The next story deals with gender inversion, a planet where men are born in much smaller numbers than women. They’re cosseted and hidden away “for their own good.” The brilliant part of this story is not the idea, although it’s well done; it is that LeGuin examines it from multiple perspectives by providing “excerpts” from many sources: interviews, academic researchers, native fiction. It gives a wonderful range of perspectives on the issue.

Then there are two stories based on a planet where relationships are determined by gender and “moiety.” You’re either male or female and you’re either morning or evening. Each marriage is formed of a morning woman, a morning man, an evening woman and an evening man. You have sex only with people of the opposite moiety (if you’re a morning woman you would have sex with both the evening man and woman). As one character points out: “It sounds complicated, but what marriage isn’t?”
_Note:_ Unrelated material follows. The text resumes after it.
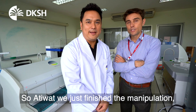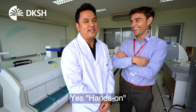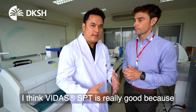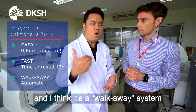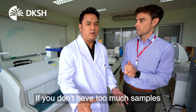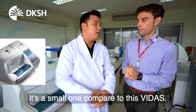So Atiwat, you just finished the manipulation, the hands-on, and it was good — it was actually really easy. Yes, I think the YDAS HPC is very good because it's very easy, very fast, and I think it's a walk-away system, it's automated. If you don't have too much of a sample, we have a mini-wide dash, a small one compared with the YDAS.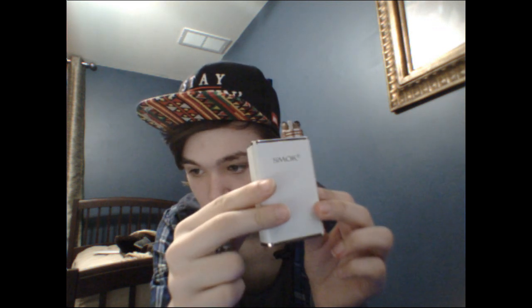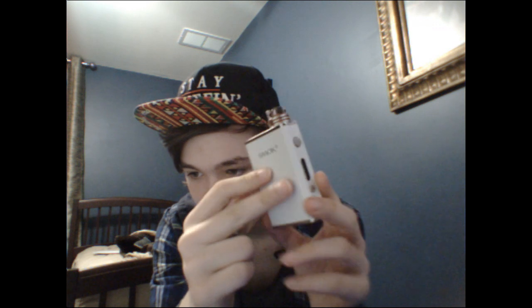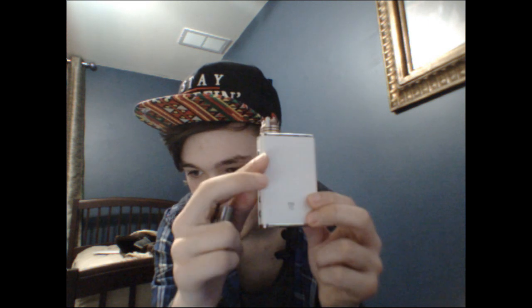So I figured that this video we would just do a quick overview on the Smok R80. It's pretty simple. Smok products are always really good. It's really nice — the chrome and white, I really like it. It's a very luxury look.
Of the remaining stories some deal with sex and others with class and race. My personal favorite is the title story, “The Birthday of the World.” We’re all familiar with the familiar SF plotline: explorers come to a new planet and are worshipped as gods. Well what was going on down on the planet before they got there? This tells that story from the perspective of the natives, and they’re far from stupid. They’ve got their own domestic political concerns that influence their reactions. It also goes into the consequences of having new and ignorant gods running around, and they’re different than you might think.

As I said, there isn’t a bad one in the bunch. The racial inversion story (where the whites are the slaves) is possibly the least impressive (certainly the idea doesn’t seem so fresh), but is beautifully written and humanized. Overall you can read LeGuin’s writing both for the amazing and unique ideas pushing the edges of gender, and for her truly beautiful writing. I’d only read her novels previous to this, but I will seek out some of her other collections now that I’ve read this.